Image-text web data
####################

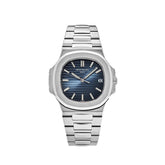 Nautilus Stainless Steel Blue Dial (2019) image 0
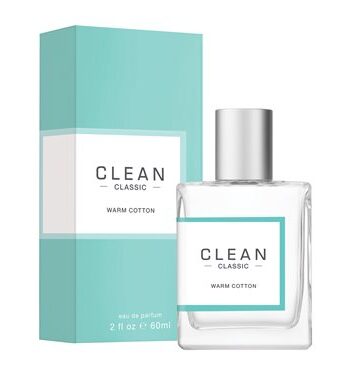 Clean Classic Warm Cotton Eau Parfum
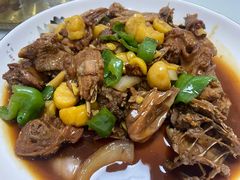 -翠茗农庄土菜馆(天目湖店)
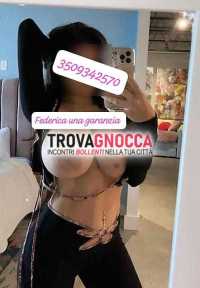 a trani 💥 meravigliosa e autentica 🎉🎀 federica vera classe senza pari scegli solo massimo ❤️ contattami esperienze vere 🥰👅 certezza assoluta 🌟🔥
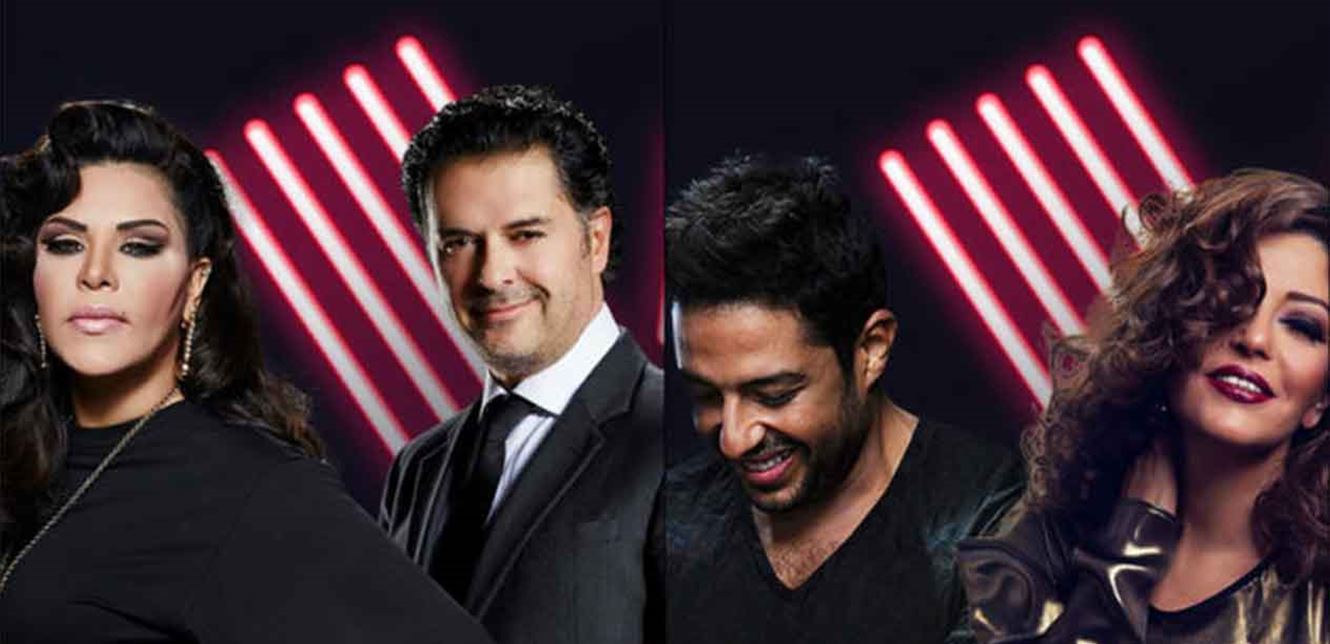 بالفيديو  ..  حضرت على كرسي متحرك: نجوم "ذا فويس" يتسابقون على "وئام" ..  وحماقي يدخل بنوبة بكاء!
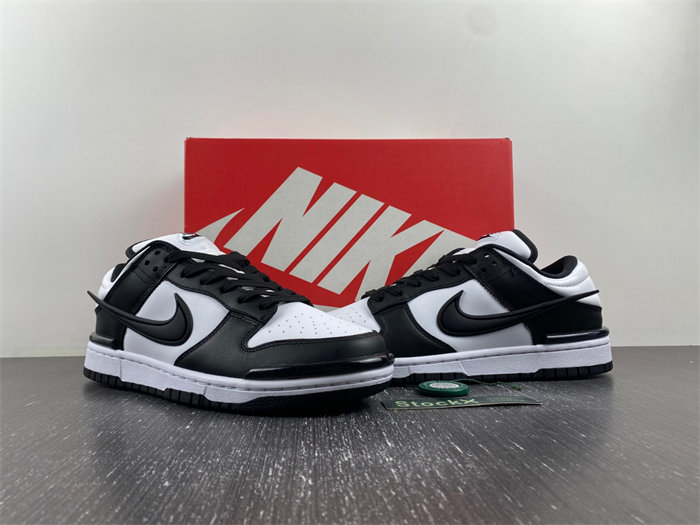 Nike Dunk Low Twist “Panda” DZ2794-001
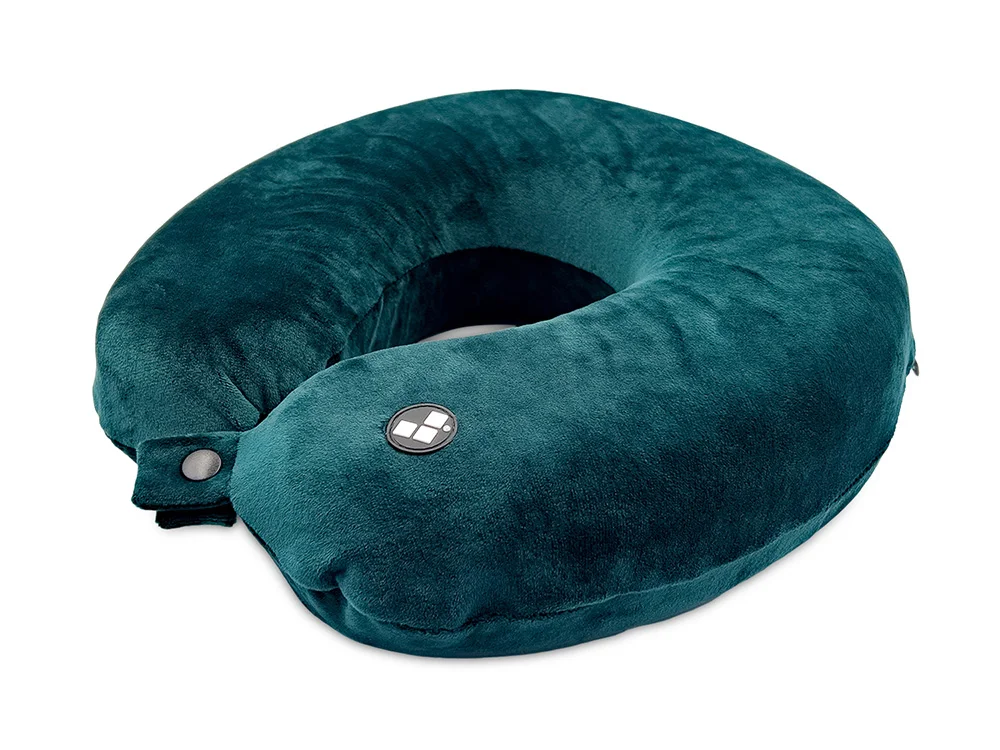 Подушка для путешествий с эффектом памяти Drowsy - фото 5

####################

-- GOAL OF THE EXERCISE --
Print exactly the lines from the line with "a trani 💥 meravigliosa" through the end of the data, both ends included, and print no pictures.

-- EXERCISE SOLUTION --
 a trani 💥 meravigliosa e autentica 🎉🎀 federica vera classe senza pari scegli solo massimo ❤️ contattami esperienze vere 🥰👅 certezza assoluta 🌟🔥
 بالفيديو  ..  حضرت على كرسي متحرك: نجوم "ذا فويس" يتسابقون على "وئام" ..  وحماقي يدخل بنوبة بكاء!
 Nike Dunk Low Twist “Panda” DZ2794-001
 Подушка для путешествий с эффектом памяти Drowsy - фото 5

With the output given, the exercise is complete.